> **HOW TO COMPLETE THIS TASK**
Please reproduce the data exactly, though every picture must stay out.

> **PROVIDED DATA**
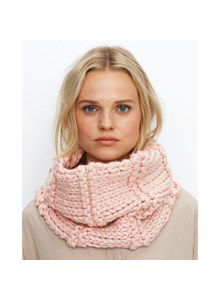 Snood Talhia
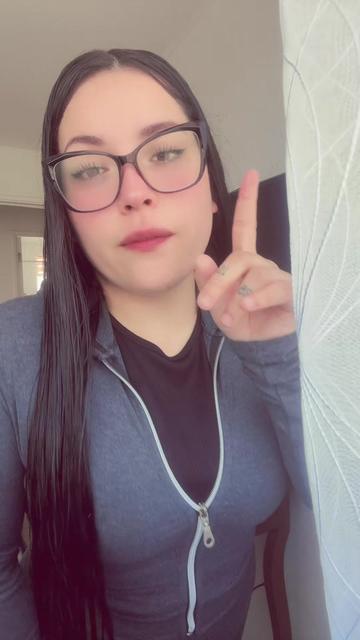 @Karen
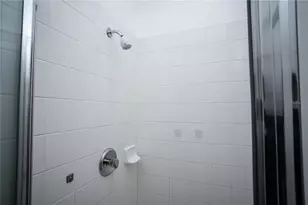 546 Bloomingdale Dr, Davenport, FL 33897 - Photo 37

> **EXPECTED ANSWER**
 Snood Talhia
 @Karen
 546 Bloomingdale Dr, Davenport, FL 33897 - Photo 37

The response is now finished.